For many farmers, planting season is coming to a close; however, with last week’s flooding, it could mean replanting for some farmers.
“With that much rain there was erosion,” said Darren Sudbeck, local agronomist. “The water took out some of the corn that was planted. Some areas need to be replanted but it’s not widespread.”
Fields near creeks and rivers that flooded will have to be replanted; however, in general, Sudbeck does not anticipate a large number of acres being replanted.
“There’s thin spots that got washed out but for the most part you’re not replanting whole fields,” said Sudbeck. “You just need to make a decision on whether to replant or not. It’s too early to tell too much.”
As an agronomist, Sudbeck is a crop consultant for farmers. He contracts with farmers and scouts fields on a weekly basis checking for things like weeds and irrigation scheduling.
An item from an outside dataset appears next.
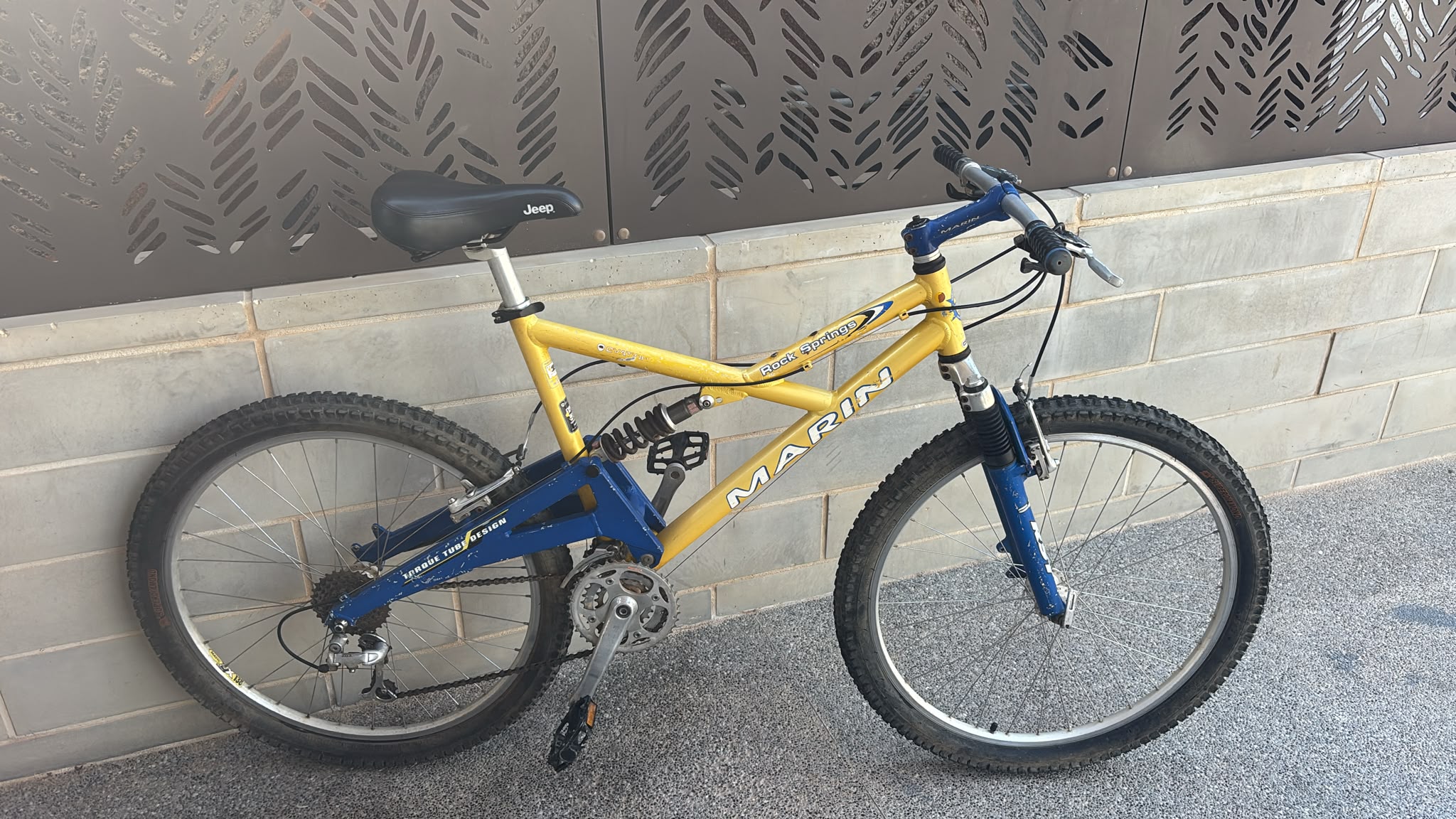 Marin שיכוך מלא מידה L - תל אביב נמל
Sudbeck also sells seed.
Up until last week, corn planting was going right on time, if not a little bit ahead of schedule.
“We’re 90-95 percent planted on corn,” said Sudbeck. “That’s fairly typical for this time of year.”
Sudbeck also claimed a 25-30 percent progress with soy beans.
Prior to the big storm, the recent downpours had proven helpful for the season.
“A lot of corn was starting to emerge,” said Sudbeck. “[That] rain [allowed] for easier merging and better population.”
Wheat has experienced a fair amount of winter kill. Wheat is planted in the fall and due to the cold temperatures of winter, some of the wheat crop was killed off.
“There’s some thin spots in wheat fields,” said Sudbeck.
Stripe rust, a fungal disease, is also showing up in wheat fields.
According to Sudbeck, the disease starts in the south. Then the spores get in the air and blow up north.
There’s also a fairly high population of alfalfa weevil and aphids which also reside in alfalfa.
Sudbeck is still evaluating storm damage on fields that were planted.